Draft Whole-Genome Sequence of the Black Yeast Aureobasidium pullulans NRRL 62031

ABSTRACT

The black-yeast-like Aureobasidium is discussed as a versatile cell factory for many biotechnological applications. This article describes the 25.05-Mb draft genome sequence of Aureobasidium pullulans NRRL 62031, which was isolated in Thailand. The genome sequence provides evidence for a plethora of synthesis pathways for valuable secondary metabolites.

ANNOUNCEMENT

Aureobasidium pullulans is a polyextremotolerant and polymorphic fungus (1, 2). It is ubiquitously distributed in temperate, cold, and arid areas and even in osmotically stressful habitats, which could be attributed to the high degree of metabolic plasticity and adaptation ability of this genus (3, 4). In past decades, different strains of Aureobasidium have been reported to produce pullulan, polymalic acid, liamocins, intracellular lipids, siderophores, single-cell proteins, and extracellular enzymes (e.g., amylases, proteases, lipases, cellulases, xylanases, mannanases, and transferases), which are of great interest for industrial, pharmaceutical, environmental, and agricultural applications (1, 2, 5, 6).

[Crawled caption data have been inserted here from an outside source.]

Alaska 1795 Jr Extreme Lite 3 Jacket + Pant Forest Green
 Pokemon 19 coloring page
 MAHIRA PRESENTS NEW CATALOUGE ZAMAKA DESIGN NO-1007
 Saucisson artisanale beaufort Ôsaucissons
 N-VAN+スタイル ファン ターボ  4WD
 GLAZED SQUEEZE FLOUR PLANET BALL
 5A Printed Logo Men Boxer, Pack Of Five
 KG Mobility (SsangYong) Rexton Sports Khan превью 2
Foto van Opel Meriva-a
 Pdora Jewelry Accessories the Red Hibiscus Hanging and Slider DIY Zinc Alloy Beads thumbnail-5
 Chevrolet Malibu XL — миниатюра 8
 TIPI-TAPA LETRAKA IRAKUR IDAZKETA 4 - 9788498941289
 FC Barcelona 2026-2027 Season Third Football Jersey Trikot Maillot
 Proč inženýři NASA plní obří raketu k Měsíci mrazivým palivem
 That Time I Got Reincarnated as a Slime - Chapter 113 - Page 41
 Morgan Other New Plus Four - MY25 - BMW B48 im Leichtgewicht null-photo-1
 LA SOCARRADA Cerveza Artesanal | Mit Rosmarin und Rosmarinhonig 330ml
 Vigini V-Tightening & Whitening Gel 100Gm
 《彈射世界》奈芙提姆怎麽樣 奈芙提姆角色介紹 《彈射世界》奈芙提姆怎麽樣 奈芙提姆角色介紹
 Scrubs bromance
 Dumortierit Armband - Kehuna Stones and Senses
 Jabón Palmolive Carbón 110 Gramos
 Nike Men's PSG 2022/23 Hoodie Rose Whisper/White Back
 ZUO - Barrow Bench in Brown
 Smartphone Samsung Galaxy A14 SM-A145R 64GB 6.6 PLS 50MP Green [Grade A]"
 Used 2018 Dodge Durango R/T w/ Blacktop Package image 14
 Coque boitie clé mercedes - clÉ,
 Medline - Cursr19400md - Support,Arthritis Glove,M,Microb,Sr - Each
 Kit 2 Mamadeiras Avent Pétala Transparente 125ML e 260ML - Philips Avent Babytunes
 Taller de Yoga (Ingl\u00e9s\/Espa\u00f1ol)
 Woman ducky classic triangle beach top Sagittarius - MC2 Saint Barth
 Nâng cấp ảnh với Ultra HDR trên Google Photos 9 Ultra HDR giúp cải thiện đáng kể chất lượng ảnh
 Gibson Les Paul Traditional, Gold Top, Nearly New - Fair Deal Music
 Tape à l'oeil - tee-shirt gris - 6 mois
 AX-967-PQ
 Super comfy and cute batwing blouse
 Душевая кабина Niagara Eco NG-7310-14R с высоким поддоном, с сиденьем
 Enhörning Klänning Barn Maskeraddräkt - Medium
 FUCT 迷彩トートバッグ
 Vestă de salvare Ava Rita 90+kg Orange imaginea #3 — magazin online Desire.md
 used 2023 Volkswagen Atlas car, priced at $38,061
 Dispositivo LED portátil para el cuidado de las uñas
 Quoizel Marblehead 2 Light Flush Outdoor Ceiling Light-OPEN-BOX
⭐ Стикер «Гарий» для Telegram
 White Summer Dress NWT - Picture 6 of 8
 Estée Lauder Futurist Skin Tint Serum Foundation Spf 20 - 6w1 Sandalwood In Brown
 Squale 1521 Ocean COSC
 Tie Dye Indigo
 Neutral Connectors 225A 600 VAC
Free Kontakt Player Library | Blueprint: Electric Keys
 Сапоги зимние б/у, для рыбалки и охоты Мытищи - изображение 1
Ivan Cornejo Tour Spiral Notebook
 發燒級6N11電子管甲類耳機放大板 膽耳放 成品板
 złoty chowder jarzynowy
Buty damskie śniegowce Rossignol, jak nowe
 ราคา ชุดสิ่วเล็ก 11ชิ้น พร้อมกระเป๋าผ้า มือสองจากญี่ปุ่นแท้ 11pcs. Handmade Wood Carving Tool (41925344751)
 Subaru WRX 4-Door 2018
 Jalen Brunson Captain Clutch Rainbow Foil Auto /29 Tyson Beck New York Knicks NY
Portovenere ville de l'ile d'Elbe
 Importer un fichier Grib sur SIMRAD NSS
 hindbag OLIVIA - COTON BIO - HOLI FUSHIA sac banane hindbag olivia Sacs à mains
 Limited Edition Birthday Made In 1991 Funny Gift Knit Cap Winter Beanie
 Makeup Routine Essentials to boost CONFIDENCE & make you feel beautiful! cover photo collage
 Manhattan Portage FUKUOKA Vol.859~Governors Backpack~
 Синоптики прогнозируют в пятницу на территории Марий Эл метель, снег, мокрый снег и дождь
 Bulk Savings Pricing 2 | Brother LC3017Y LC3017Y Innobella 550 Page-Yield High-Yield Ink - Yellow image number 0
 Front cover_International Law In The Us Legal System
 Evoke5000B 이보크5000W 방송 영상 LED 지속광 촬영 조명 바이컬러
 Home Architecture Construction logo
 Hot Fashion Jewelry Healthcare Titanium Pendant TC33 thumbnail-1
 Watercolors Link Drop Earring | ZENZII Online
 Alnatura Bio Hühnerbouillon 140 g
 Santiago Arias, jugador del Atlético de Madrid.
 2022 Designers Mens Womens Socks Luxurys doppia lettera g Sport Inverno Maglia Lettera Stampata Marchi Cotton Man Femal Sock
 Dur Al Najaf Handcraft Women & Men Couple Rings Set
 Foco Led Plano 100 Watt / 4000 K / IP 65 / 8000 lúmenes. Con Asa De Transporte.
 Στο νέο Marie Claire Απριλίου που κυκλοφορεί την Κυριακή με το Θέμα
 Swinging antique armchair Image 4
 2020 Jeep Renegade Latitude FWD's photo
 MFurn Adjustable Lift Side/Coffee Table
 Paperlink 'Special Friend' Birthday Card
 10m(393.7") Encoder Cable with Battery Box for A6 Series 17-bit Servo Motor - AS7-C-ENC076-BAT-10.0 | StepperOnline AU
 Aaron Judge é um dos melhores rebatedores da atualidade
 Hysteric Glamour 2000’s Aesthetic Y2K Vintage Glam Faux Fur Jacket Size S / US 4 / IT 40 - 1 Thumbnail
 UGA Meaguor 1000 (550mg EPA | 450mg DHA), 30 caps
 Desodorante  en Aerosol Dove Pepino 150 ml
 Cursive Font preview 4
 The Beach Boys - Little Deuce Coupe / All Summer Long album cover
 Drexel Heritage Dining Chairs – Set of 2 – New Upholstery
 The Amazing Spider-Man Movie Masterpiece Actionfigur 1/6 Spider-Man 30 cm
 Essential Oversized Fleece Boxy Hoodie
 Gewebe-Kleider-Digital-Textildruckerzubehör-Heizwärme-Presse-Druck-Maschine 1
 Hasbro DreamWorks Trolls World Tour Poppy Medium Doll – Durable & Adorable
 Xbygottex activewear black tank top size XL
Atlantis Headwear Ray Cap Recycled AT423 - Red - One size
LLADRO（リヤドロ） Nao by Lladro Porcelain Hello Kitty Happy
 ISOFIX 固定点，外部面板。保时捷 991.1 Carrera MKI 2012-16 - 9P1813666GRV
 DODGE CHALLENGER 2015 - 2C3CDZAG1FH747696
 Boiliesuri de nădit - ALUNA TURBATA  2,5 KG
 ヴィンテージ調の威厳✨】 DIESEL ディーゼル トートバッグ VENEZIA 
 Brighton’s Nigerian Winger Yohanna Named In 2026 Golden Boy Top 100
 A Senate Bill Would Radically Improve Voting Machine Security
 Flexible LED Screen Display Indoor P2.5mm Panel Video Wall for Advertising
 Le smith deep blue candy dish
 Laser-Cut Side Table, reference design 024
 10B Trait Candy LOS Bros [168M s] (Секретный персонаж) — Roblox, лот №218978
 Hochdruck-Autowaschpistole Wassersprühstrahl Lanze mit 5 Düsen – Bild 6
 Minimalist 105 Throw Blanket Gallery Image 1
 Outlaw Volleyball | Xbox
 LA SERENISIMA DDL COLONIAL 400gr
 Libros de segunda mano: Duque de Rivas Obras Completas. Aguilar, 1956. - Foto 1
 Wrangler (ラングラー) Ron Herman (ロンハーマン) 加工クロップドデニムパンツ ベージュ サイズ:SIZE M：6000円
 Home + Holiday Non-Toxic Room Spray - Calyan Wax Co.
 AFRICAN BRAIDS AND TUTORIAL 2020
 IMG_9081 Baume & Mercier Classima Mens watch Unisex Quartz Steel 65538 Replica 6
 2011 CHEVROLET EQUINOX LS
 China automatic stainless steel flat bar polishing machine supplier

A. pullulans strain NRRL 62031 has been confirmed to secrete liamocins (7, 8), a lipase (9), and polymalic acid (10). To prepare DNA for sequencing, yeast extract-peptone-dextrose (YEPD) medium was inoculated using a single colony and incubated at 30°C for 24 h in a shaking cabinet. DNA was isolated with the PureLink genomic DNA (gDNA) kit (Invitrogen, Carlsbad, CA, USA). Briefly, the gDNA was fragmented by acoustic shearing with an S220 instrument (Covaris, Inc., Woburn, MA, USA). The sheared DNA was purified using 0.8× AMPure PB beads (Pacific Biosciences [PacBio], Menlo Park, CA, USA) and end repaired by the addition of NEBNext Ultra II end repair enzyme mix. DNA libraries were validated using a high-sensitivity D1000 ScreenTape on the TapeStation (Agilent Technologies, Palo Alto, CA, USA) and were quantified using a Qubit 2.0 fluorometer (Thermo Fisher Scientific, Carlsbad, CA, USA), as well as real-time PCR (Applied Biosystems, Carlsbad, CA, USA). The libraries were clustered and loaded on an Illumina HiSeq instrument. The qualified libraries were sequenced using a 2 × 150-bp paired-end configuration. The raw sequencing data generated from Illumina HiSeq sequencing were converted into standard FASTQ files and demultiplexed using bcl2fastq v2.17 software. The adapters and low-quality bases with quality scores of <20 were removed using Cutadapt v1.9.1, which yielded 6,471,033,031 bp of clean data. For genome assembly, k-mer analysis was performed using Velvet v1.2.10. SSPACE v3.0 was employed to align the sequencing reads to the contigs. The contigs were subsequently assembled into scaffolds depending on the pairwise relationship between the paired-end reads and the size of the inserted segments. GapFiller v1.10 was utilized to align all of the reads from the library to the scaffold sequences. The alignment was used to fill the gaps in the scaffolds, as well as to extend the scaffold sequences to obtain longer sequences with lower rates of undetermined (N) bases (11–15).

The final draft genome assembly comprises 25,051,135 bp, with an average GC content of 50.07%, and consists of 209 scaffolds (N₅₀, 1,223,087 bp; L₅₀, 9; sequencing depth, 244.86×). Analysis of biosynthetic gene clusters with antiSMASH v6.0 (16) using default parameters identified several secondary metabolite biosynthetic gene clusters, such as a cluster associated with the production of melanin.

Data availability.

The whole-genome sequence has been deposited in the NCBI database under BioProject and BioSample accession numbers PRJNA800034 and SAMN25226490, respectively. This whole-genome shotgun project has been deposited in DDBJ/ENA/GenBank under the accession number JALBUZ000000000. The version described in this paper is version JALBUZ010000000. The raw sequencing data have been deposited in the Sequence Read Archive (SRA) under SRA accession number SRR17771678.